> **PROBLEM DETAILS**
In the material below, the line holding "乙二醇流量計(jì)流量范圍對照表" and every line after it should be reproduced exactly, please, with pictures omitted.

> **EXERCISE INPUTS**
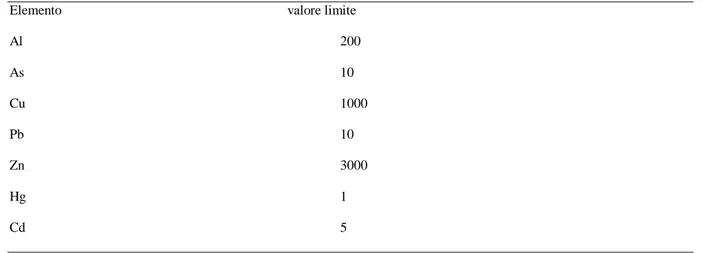 Tab. 6 - Alcuni valori di concentrazione soglia di contaminazione nel suolo e nel sottosuolo riferiti alla specifica destinazione  d’uso dei siti da bonificare ( mg/Kg s.s.)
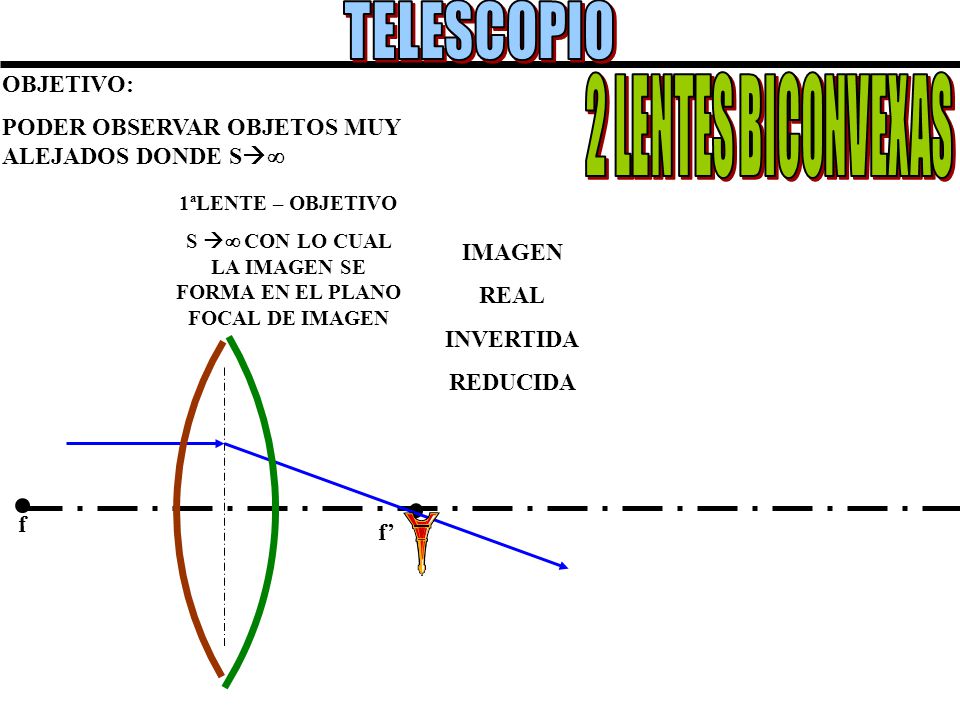 S  CON LO CUAL LA IMAGEN SE FORMA EN EL PLANO FOCAL DE IMAGEN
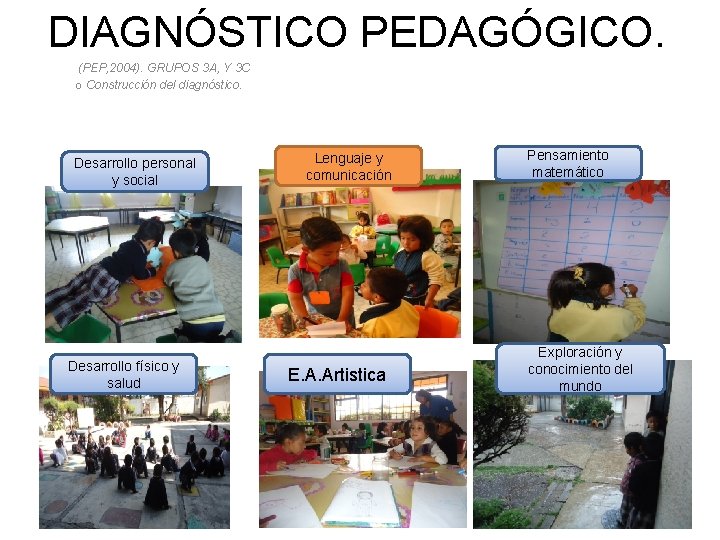 DIAGNÓSTICO PEDAGÓGICO. (PEP, 2004). GRUPOS 3 A, Y 3 C o Construcción del diagnóstico.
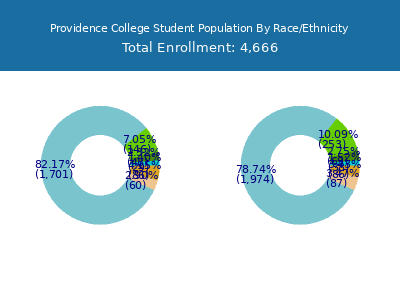 Providence College 2025 Student Population by Gender and Race chart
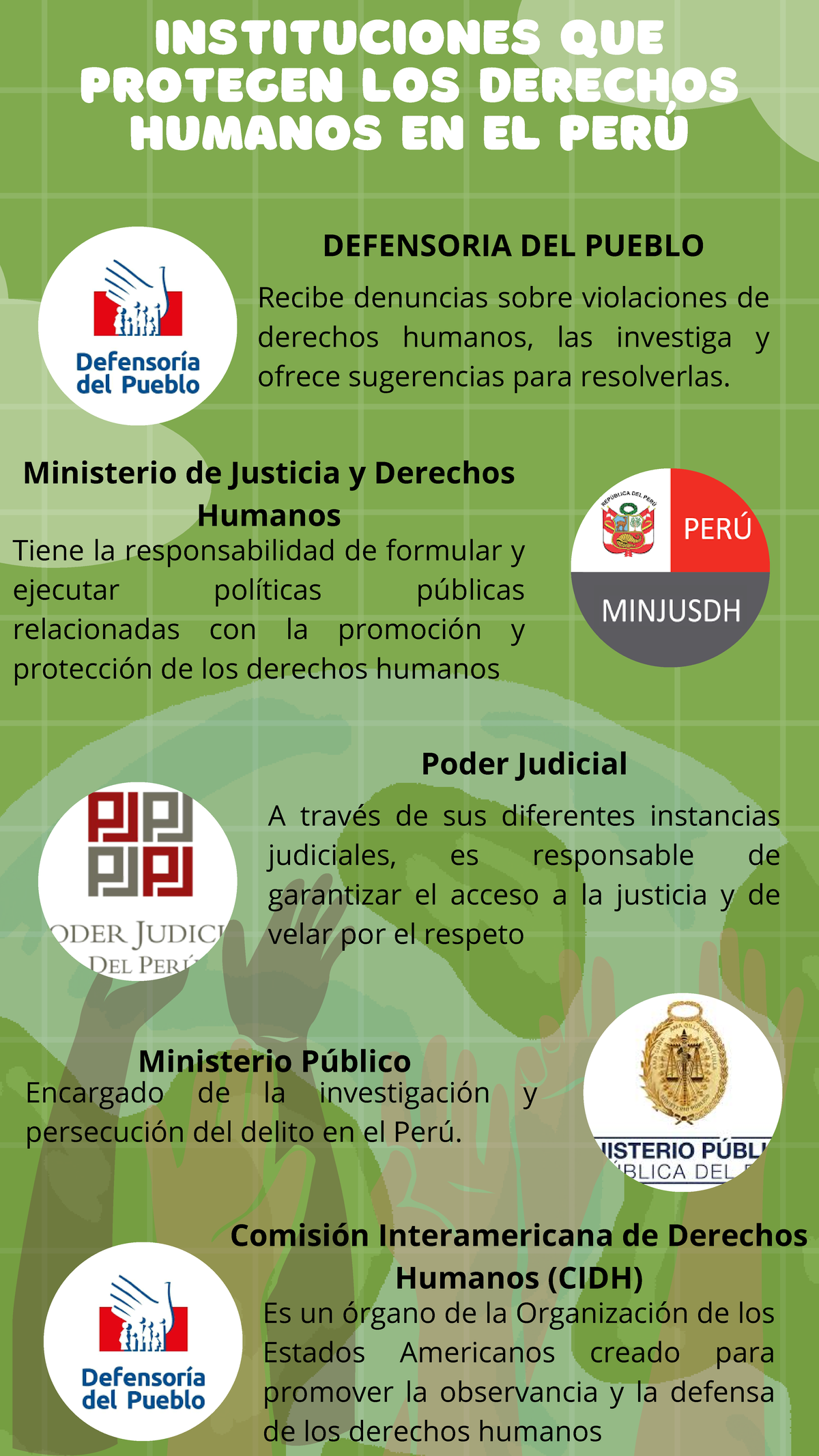 Afiche Derechos Humanos - INSTITUCIONES QUE PROTEGEN LOS DERECHOS ...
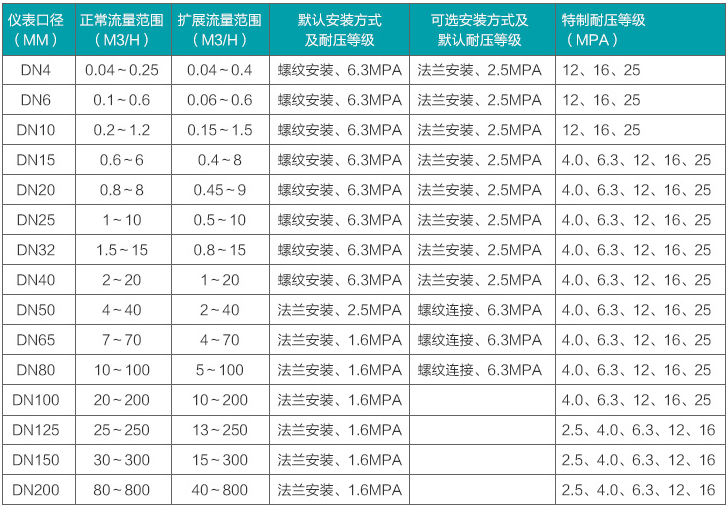 乙二醇流量計(jì)流量范圍對照表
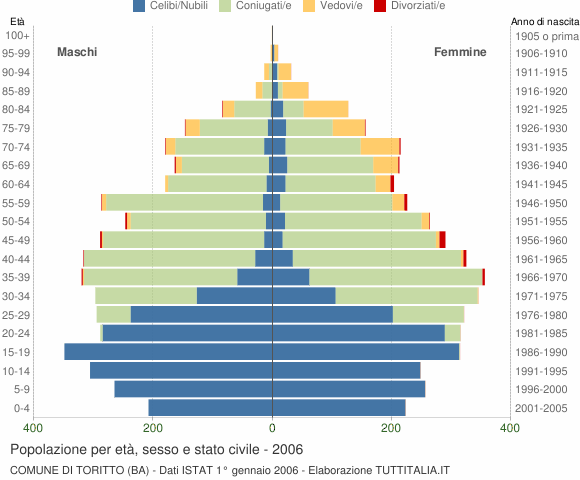 Grafico Popolazione per età, sesso e stato civile Comune di Toritto (BA)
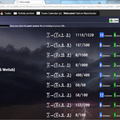 Chow! Task Manager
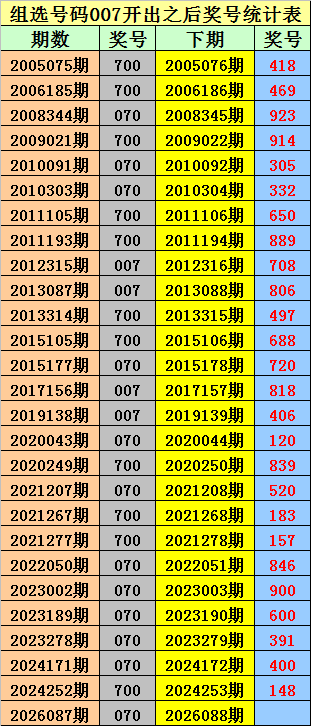 大乐透,期专家推荐,倍投杀号,大发彩票,大发快三彩票官网,dafa大发彩票官网,大发彩票官网玩家首选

> **EXERCISE SOLUTION**
 乙二醇流量計(jì)流量范圍對照表
 Grafico Popolazione per età, sesso e stato civile Comune di Toritto (BA)
 Chow! Task Manager
 大乐透,期专家推荐,倍投杀号,大发彩票,大发快三彩票官网,dafa大发彩票官网,大发彩票官网玩家首选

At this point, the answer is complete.